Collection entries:
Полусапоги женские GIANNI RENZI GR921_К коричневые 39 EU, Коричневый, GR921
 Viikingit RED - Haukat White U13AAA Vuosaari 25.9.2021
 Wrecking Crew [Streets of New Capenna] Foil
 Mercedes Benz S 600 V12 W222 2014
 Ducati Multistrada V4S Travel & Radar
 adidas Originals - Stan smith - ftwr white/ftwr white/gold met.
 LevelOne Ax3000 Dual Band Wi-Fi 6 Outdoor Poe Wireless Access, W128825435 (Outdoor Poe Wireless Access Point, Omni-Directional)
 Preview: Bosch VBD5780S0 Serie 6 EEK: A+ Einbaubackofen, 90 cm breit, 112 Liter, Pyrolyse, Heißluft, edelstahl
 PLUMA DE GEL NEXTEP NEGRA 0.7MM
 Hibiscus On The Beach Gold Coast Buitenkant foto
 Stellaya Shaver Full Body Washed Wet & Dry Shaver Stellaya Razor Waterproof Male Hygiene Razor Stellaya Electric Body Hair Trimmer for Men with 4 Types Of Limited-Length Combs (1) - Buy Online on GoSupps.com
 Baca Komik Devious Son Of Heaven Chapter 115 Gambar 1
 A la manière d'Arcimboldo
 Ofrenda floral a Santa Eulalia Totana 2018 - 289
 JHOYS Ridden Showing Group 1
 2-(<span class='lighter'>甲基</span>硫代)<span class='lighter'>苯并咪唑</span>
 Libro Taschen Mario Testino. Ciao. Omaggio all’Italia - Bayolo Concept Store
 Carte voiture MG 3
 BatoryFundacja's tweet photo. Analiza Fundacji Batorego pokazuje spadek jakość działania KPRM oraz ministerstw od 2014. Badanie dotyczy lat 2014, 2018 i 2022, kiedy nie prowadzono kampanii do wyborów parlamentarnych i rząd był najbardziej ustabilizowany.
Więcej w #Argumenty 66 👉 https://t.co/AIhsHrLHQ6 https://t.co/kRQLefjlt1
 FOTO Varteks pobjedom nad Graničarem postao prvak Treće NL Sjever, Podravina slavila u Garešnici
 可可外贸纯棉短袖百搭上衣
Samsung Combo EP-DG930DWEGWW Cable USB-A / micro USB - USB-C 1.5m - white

> The problem
Output an identical copy of every record above.

> Answer to the problem
Полусапоги женские GIANNI RENZI GR921_К коричневые 39 EU, Коричневый, GR921
 Viikingit RED - Haukat White U13AAA Vuosaari 25.9.2021
 Wrecking Crew [Streets of New Capenna] Foil
 Mercedes Benz S 600 V12 W222 2014
 Ducati Multistrada V4S Travel & Radar
 adidas Originals - Stan smith - ftwr white/ftwr white/gold met.
 LevelOne Ax3000 Dual Band Wi-Fi 6 Outdoor Poe Wireless Access, W128825435 (Outdoor Poe Wireless Access Point, Omni-Directional)
 Preview: Bosch VBD5780S0 Serie 6 EEK: A+ Einbaubackofen, 90 cm breit, 112 Liter, Pyrolyse, Heißluft, edelstahl
 PLUMA DE GEL NEXTEP NEGRA 0.7MM
 Hibiscus On The Beach Gold Coast Buitenkant foto
 Stellaya Shaver Full Body Washed Wet & Dry Shaver Stellaya Razor Waterproof Male Hygiene Razor Stellaya Electric Body Hair Trimmer for Men with 4 Types Of Limited-Length Combs (1) - Buy Online on GoSupps.com
 Baca Komik Devious Son Of Heaven Chapter 115 Gambar 1
 A la manière d'Arcimboldo
 Ofrenda floral a Santa Eulalia Totana 2018 - 289
 JHOYS Ridden Showing Group 1
 2-(<span class='lighter'>甲基</span>硫代)<span class='lighter'>苯并咪唑</span>
 Libro Taschen Mario Testino. Ciao. Omaggio all’Italia - Bayolo Concept Store
 Carte voiture MG 3
 BatoryFundacja's tweet photo. Analiza Fundacji Batorego pokazuje spadek jakość działania KPRM oraz ministerstw od 2014. Badanie dotyczy lat 2014, 2018 i 2022, kiedy nie prowadzono kampanii do wyborów parlamentarnych i rząd był najbardziej ustabilizowany.
Więcej w #Argumenty 66 👉 https://t.co/AIhsHrLHQ6 https://t.co/kRQLefjlt1
 FOTO Varteks pobjedom nad Graničarem postao prvak Treće NL Sjever, Podravina slavila u Garešnici
 可可外贸纯棉短袖百搭上衣
Samsung Combo EP-DG930DWEGWW Cable USB-A / micro USB - USB-C 1.5m - white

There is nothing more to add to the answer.